E a diversidade concedia ao bairro um odor aromático, tantas mais janelas abertas houvesse. «O que está a cozinhar hoje?», perguntava Shabnam às vizinhas que por vezes lhe davam a provar, assim como quem alimenta um passarinho que faz uma visita ao beirado da janela.
– Eu tinha curiosidade pelos diferentes hábitos e rituais que via na minha vizinhança, procurava aproximar-me e saber mais.
Mas Shabnam teve de encontrar o balanço certo entre essa aproximação interessada, e o resguardo aos comentários que por vezes surgiam contra a sua família.
– Nós éramos uma família grande, os meus pais tiveram onze filhos, quatro rapazes e sete raparigas, dois anos de intervalo entre cada um de nós. A vizinhança criticava dizendo «Estes Muçulmanos vêm para aqui fazer crescer a população!…», e também havia crianças que nos gozavam. Eles fizeram-me pensar que nós não éramos bons. «Estas crianças fazem muito barulho!», queixavam-se ao nosso senhorio, mesmo que os filhos deles estivessem a brincar connosco, apenas nós éramos culpados pelos distúrbios.
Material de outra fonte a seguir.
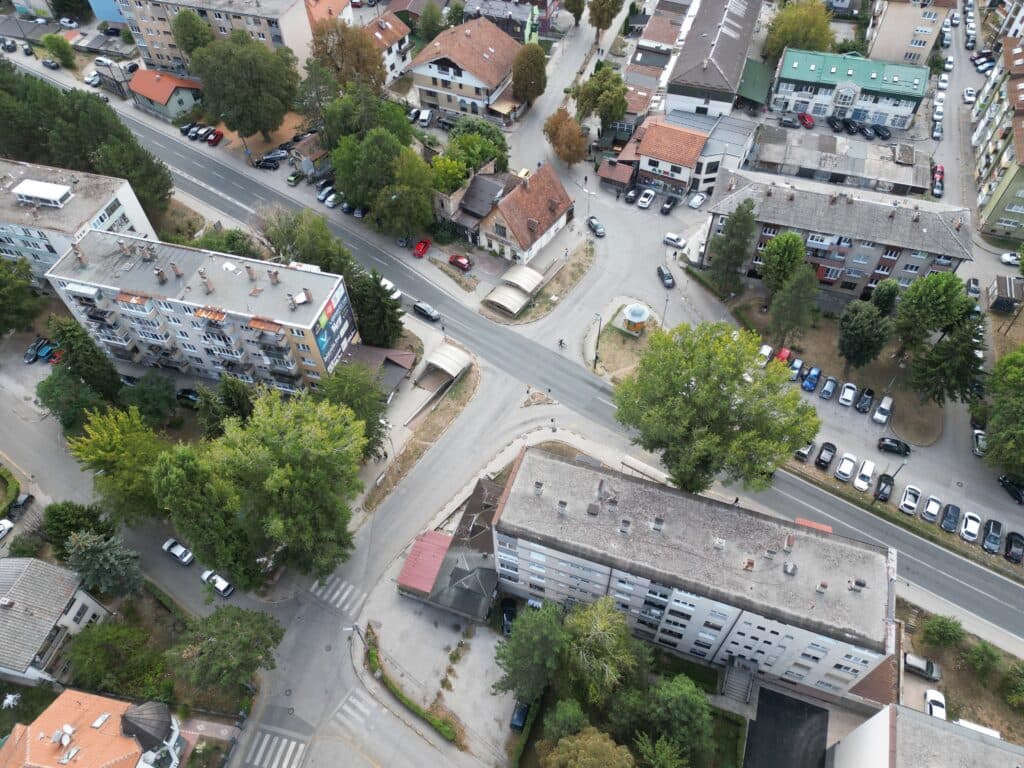 Slika uz članak: NOSITE NAMJEŠTAJ PREKO GRANICE? Evo šta morate znati prije puta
E enquanto os pais geriam um negócio de móveis, entre os fornecedores e a loja aberta ao público, as crianças iam à escola e organizavam-se no cuidado da casa e dos irmãos mais novos.
– Aprendi a importância de não depender dos meus pais, não ficar à espera que as coisas aparecessem feitas. Eles estavam ocupados a trabalhar para a família, e nós tínhamos de cumprir a nossa parte e cuidar do resto.
Mas à medida que as raparigas cresciam, outras vozes críticas surgiam dentro da família, e os tios pressionavam o pai de Shabnam, dizia um: «Porque é que deixas as tuas filhas estudar tantos anos? Para quê, se depois de casarem vão para casa dos maridos e ficam a tratar dos filhos e da vida doméstica?» e acrescentava outro: «Além disso, quem casará com elas se tiverem uma formação muito elevada? Elas deixam de nos ouvir e não obedecem aos maridos…»
– O meu pai não tinha medo de discordar, e respondia-lhes «Se as minhas filhas querem estudar para serem mais do que donas-de-casa, é uma decisão delas e eu apoio. Estou confiante que elas saberão gerir uma casa e os estudos ao mesmo tempo». E assim, no dia em que o meu pai me perguntou o que é que eu queria fazer, eu pude dizer-lhe: «Pai, quero continuar a estudar, quero fazer a minha licenciatura», e o meu pai concordou.